Ontario Railway Stations
Burlington's first station was built by the Great Western Railway in 1855. In 1882 the GWR merged with the Grand Trunk Railway (later CN). Later details on the station are unclear. According to one reference the original GWR station burned the following year and was replaced with a large two-storey station with living quarters for the agent. That station lasted until 1904 when it too met with a fiery demise. In 1906 it was replaced with a new station, best known as the Freeman Station.
Officially the station was known as Burlington Junction and Burlington West. It remained in use by CN and then by VIA Rail until 1988. A period of private ownership followed. In 2005, under the threat of demolition, the building was acquired by the City of Burlington. Much to the pride and joy of the community, the station was relocated and restored. It has recently been reopened as a museum and heritage centre.
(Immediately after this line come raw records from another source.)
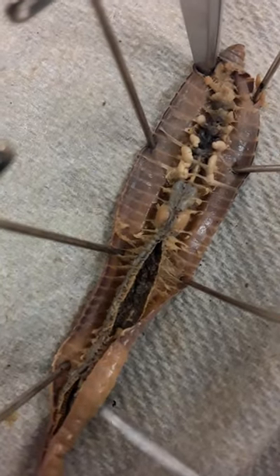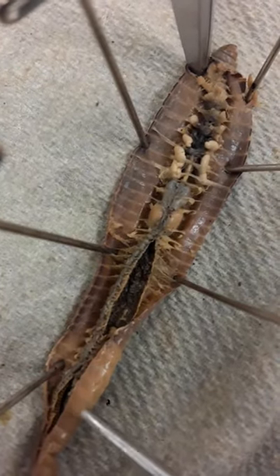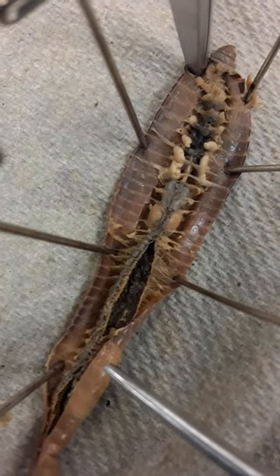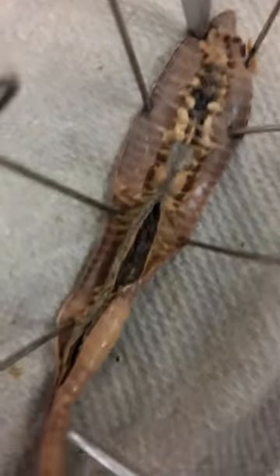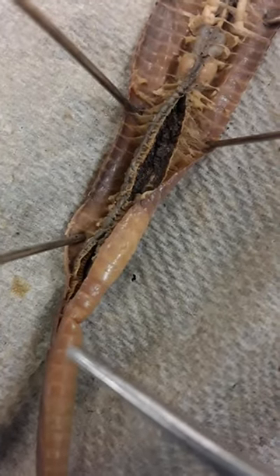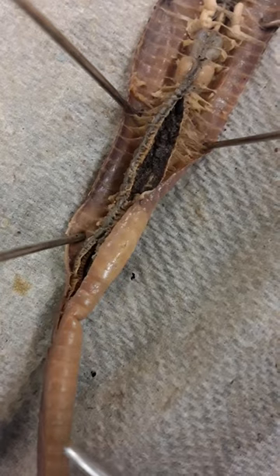The clitellum right here is that kind of little node area, lighter colored, towards the head of the earthworm. The setae are going to be along the sides here — you can't see them, but they would be what the earthworm uses to propel itself into the earth. And then at the far end over here, you would have the anus at the end.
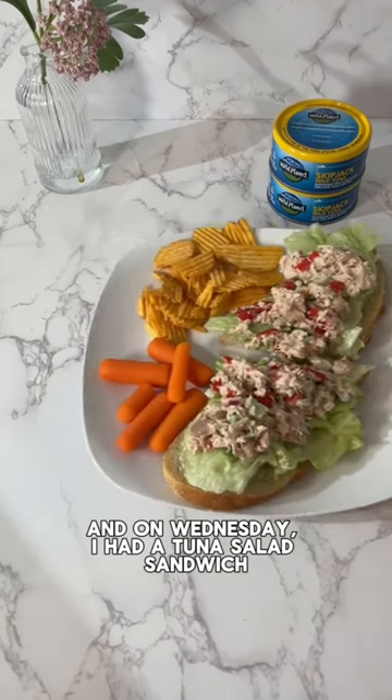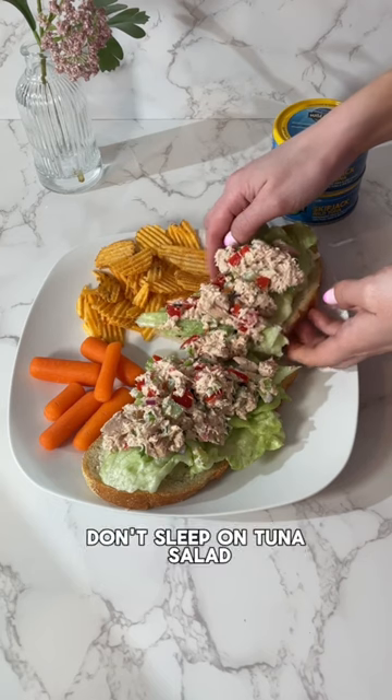And on Wednesday I had a tuna salad sandwich with chips and carrots on the side for lunch. Don't sleep on tuna salad — it's so easy to prep to have for balanced snacks and meals throughout the week.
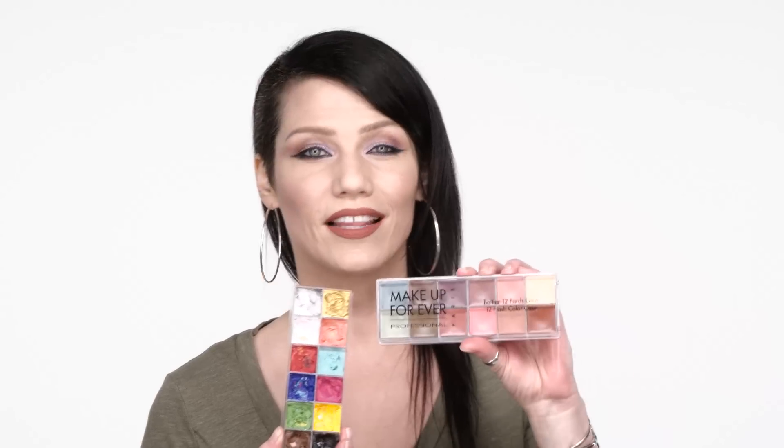Speaking of essentials, one thing that makes me so much more versatile — especially when there are last-minute changes at a show and you just go with the flow — is the Makeup Forever Flash Palette. I never show up to a shoot, a show, or anything work-related without this palette. All the different colors are cream-based, and you can create or adjust foundation colors, use them as eyeshadows, eyeliners, lipsticks, blushes, shimmers — anything you could possibly need. There's also a more neutral-tones version that cuts time significantly. This palette gives me everything I need, even eyebrow colors. The list goes on and on.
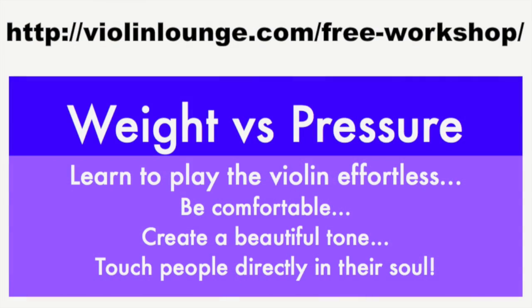Join me in the free workshop 'Weight vs Pressure' where I teach you to play the violin effortlessly with a beautiful tone. Go to www.violinlounge.com/free-workshop to get direct access. I'm sure it will be worth it.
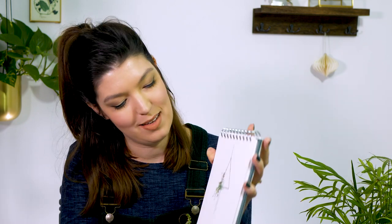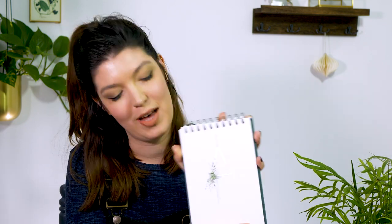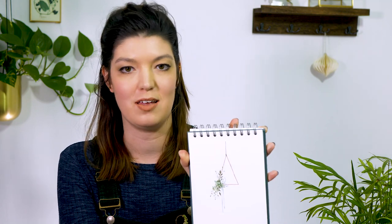And we're done. So there we have it, our modern Scandinavian botanical wreath. It's super elegant and refined and it's a bit of a fresh take on traditional wreaths. So have a go.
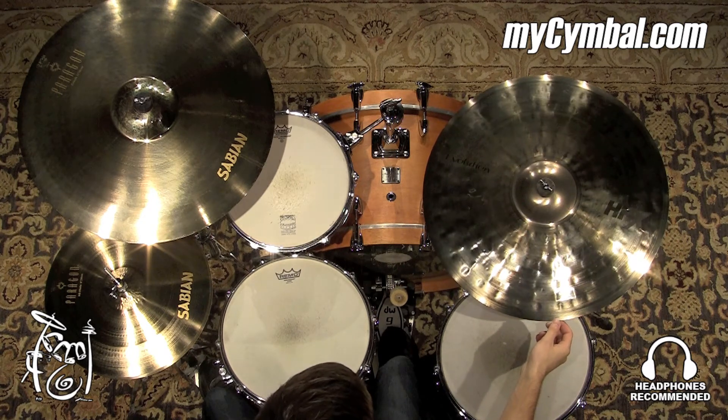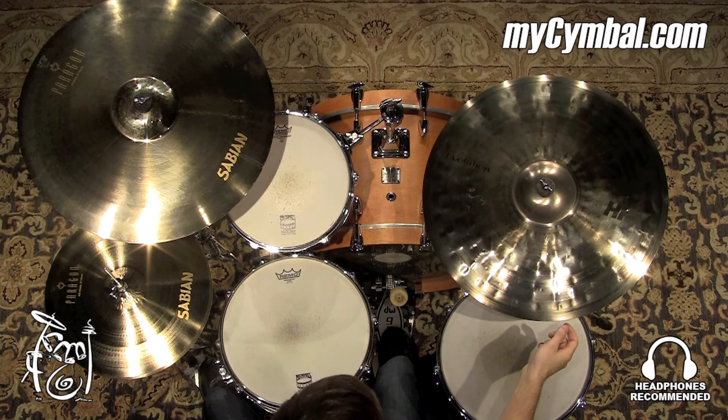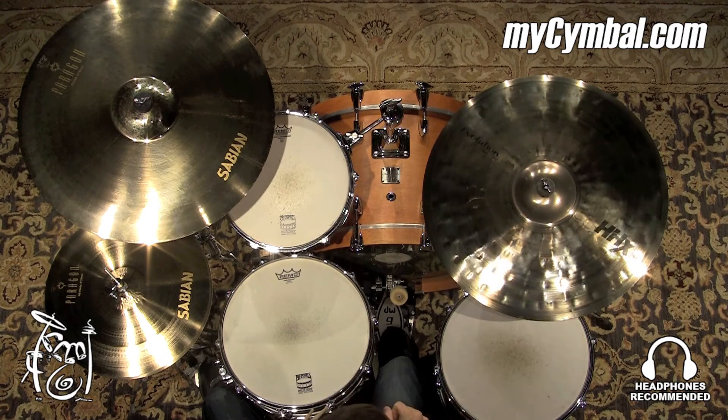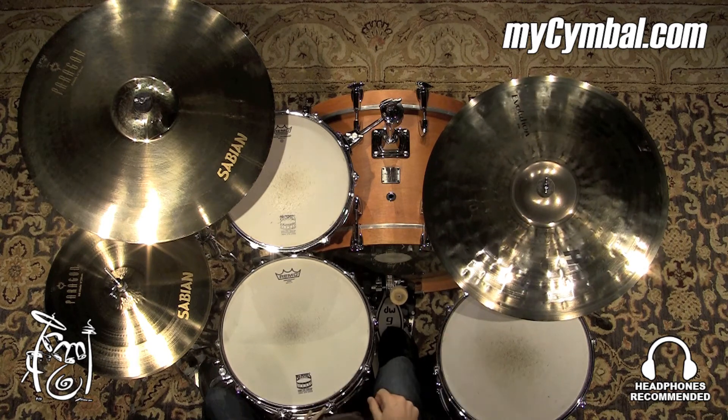We have a 22-inch HHX Sabian ride cymbal from the Evolution line. Very articulate cymbal, yet if you want to wash on it, really lay into it, you can. You can get right back on top of it and get a lot of stick definition out of it as well. So a very versatile cymbal — could use this for a ton of different musical applications. Very pronounced, clear bell sound as well.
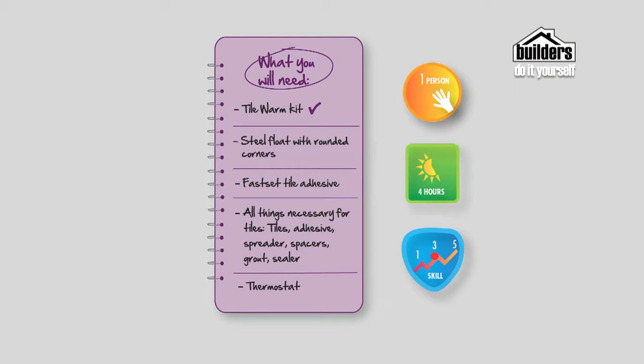That keeps the heat close to the surface and not buried down deep. What you will need: a TileWarm kit, a steel float with rounded corners, a fast-set tile adhesive, tiles, adhesive, spreader, spacer, grout, sealer, and a thermostat that is for the TileWarm kit.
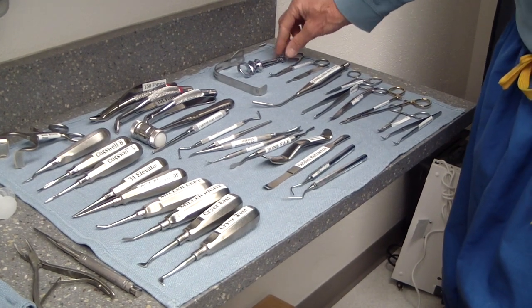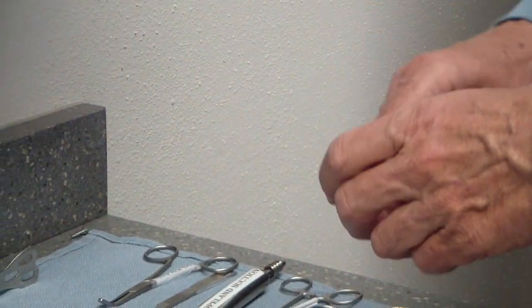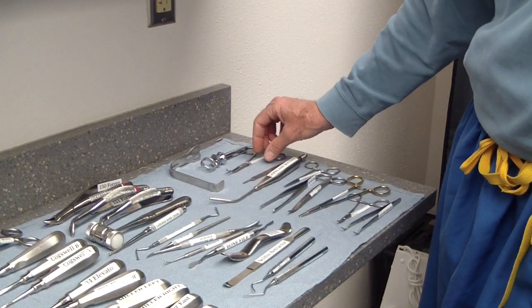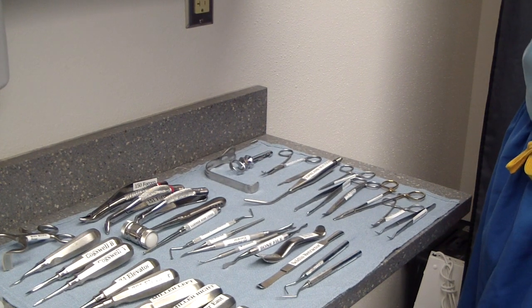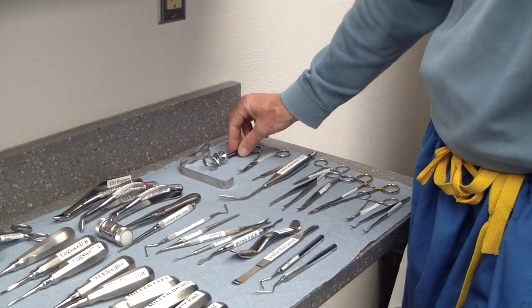We'll go through these in some order. Of course, the first one you always have is your sterilized syringe for anesthesia. One thing here — these are not auto-aspirate, but they do engage so you can aspirate. There are a few different versions. Have you had any experience with the auto ones? No, I haven't used those yet. There's always something new.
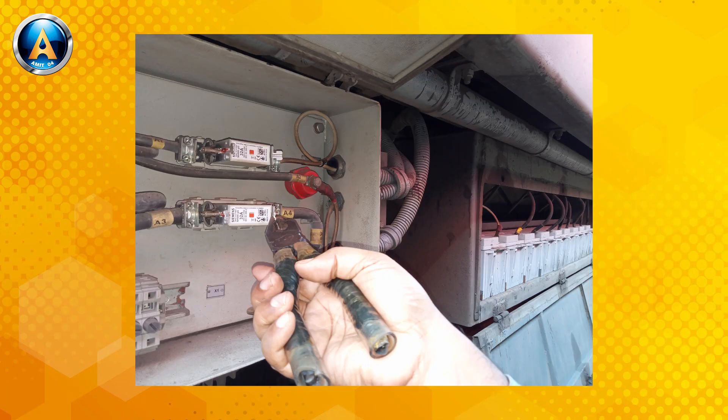Therefore, you may continue the service in a running train by removing the positive fuse of the battery temporarily, like this.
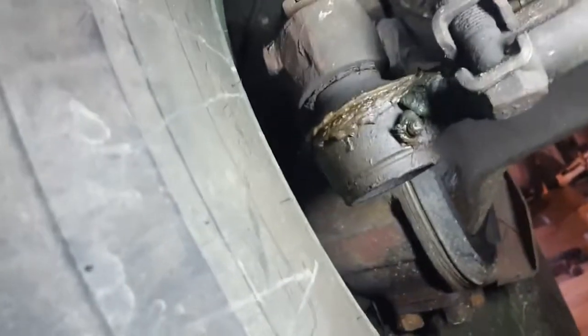There are bushings in those spring hangers that need to be lubed. If you don't grease it every oil change, grease it every other oil change — that would be my suggestion.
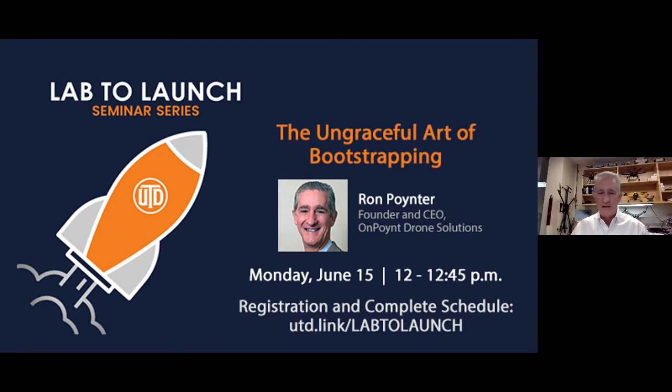The title we came up with is the Ungrateful Art of Bootstrapping, and part of the reason we picked that is that bootstrapping is really its own beast. A lot of folks who start their own businesses, especially in technology and science, end up having investors or seed money to help them along. Bootstrapping is a completely different experience, and I want to talk about some points worth noting because that's the experience we've had.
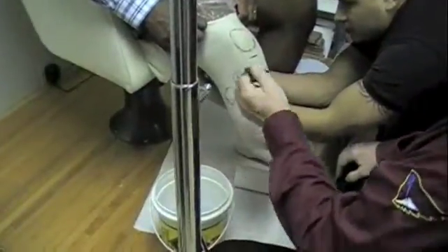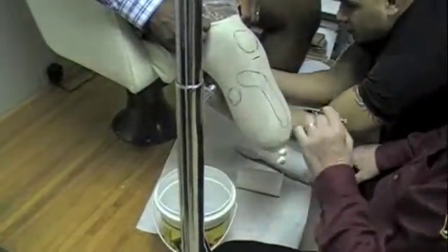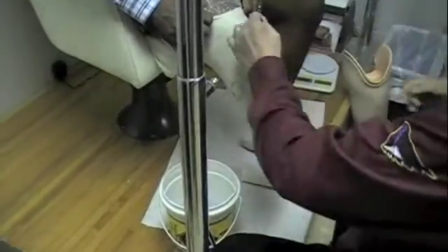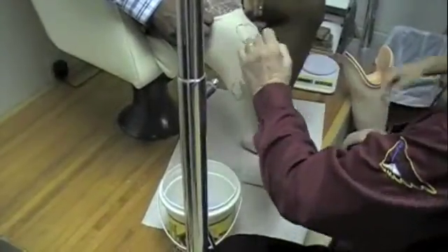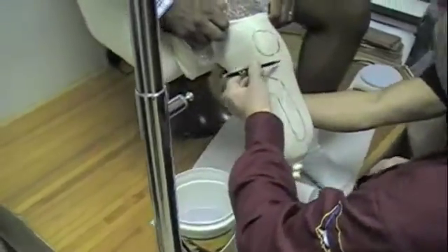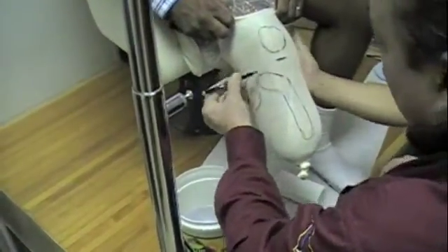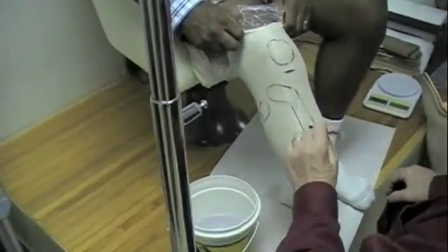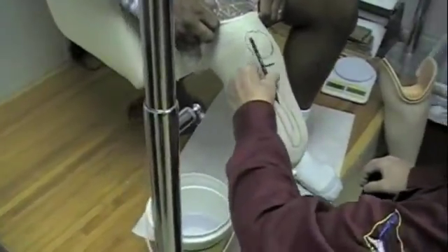What I'm doing now is marking all the bony prominences of his body that we have to address when we make the prosthetic socket. This is the patella, this is the center of the patella tendon, this is the lateral tibial flare, this is marking out the crest of the tibia, the angle of the tibia — that bone is right along there.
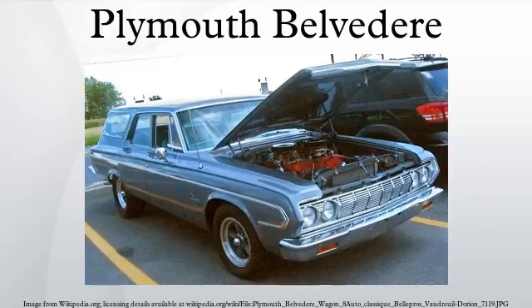The Plymouth Belvedere is an American automobile model that was produced by Plymouth from 1954 to 1970.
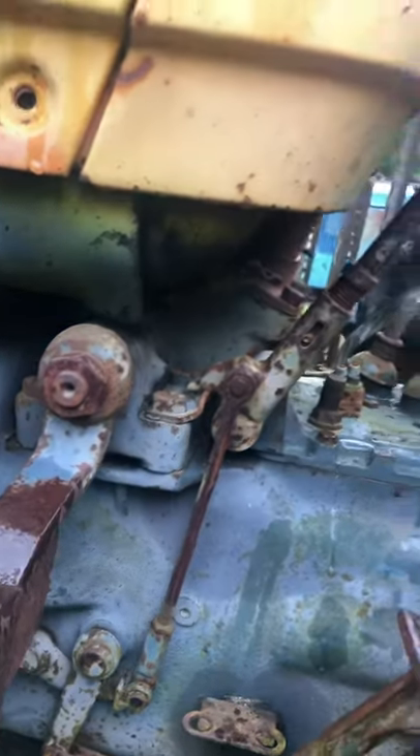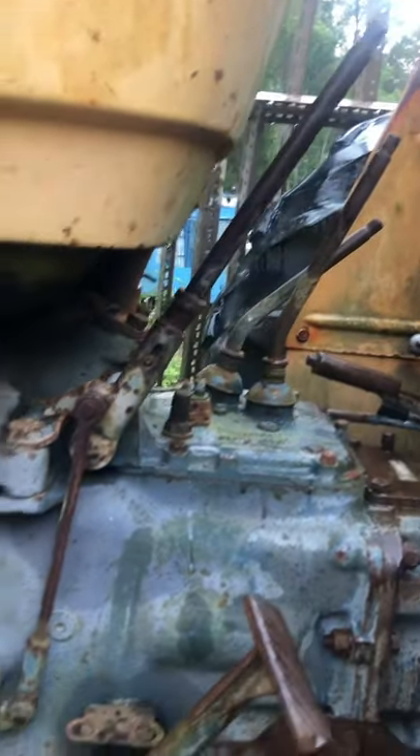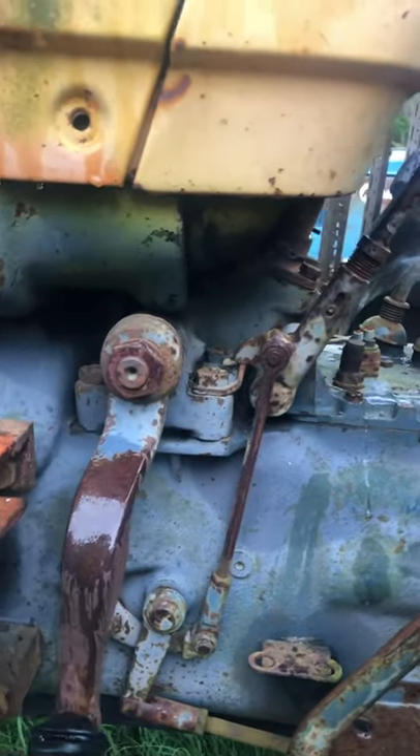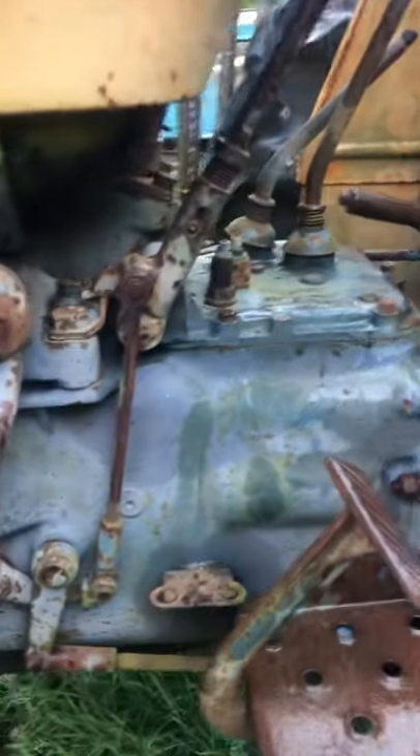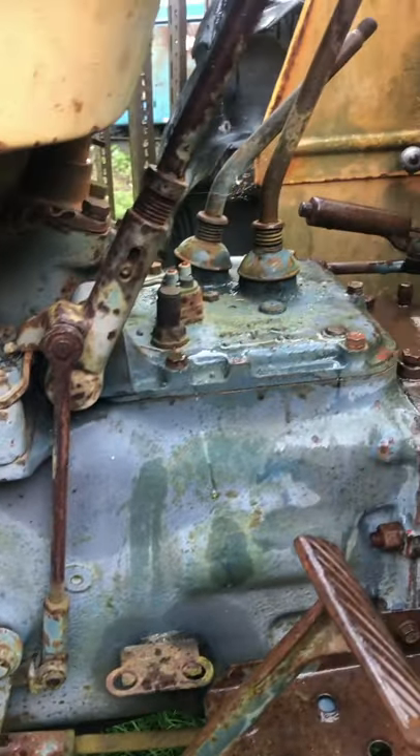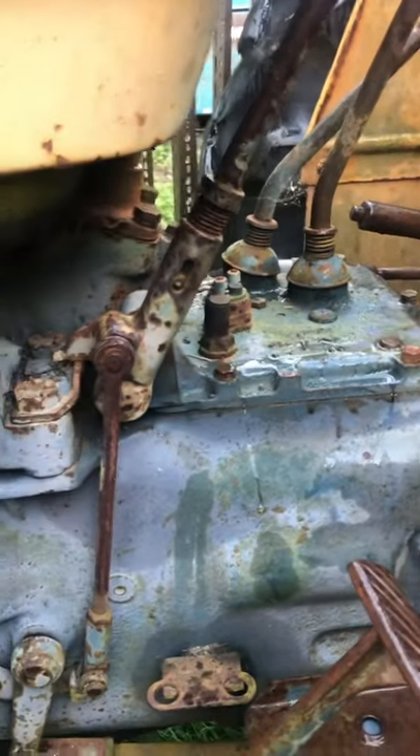It's got me a bit puzzled, so any experts on the Fiat — anybody want to jump in and give me a yell and let me know what they think, I'd be gratefully appreciative of the knowledge. Thanks for that guys, talk to you later.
Aldershot was two stations over from Burlington on the GWR. No details are available on the first station. The second station was built by the GTR in the early 1900s. It was originally named Waterdown after the street where it was situated. It was renamed Aldershot around 1918 to avoid confusion with the CPR's station in the community of Waterdown which opened in 1912. The station was replaced with a modern building and is currently home to both VIA Rail and GO. Aldershot was absorbed into the City of Burlington in 1962.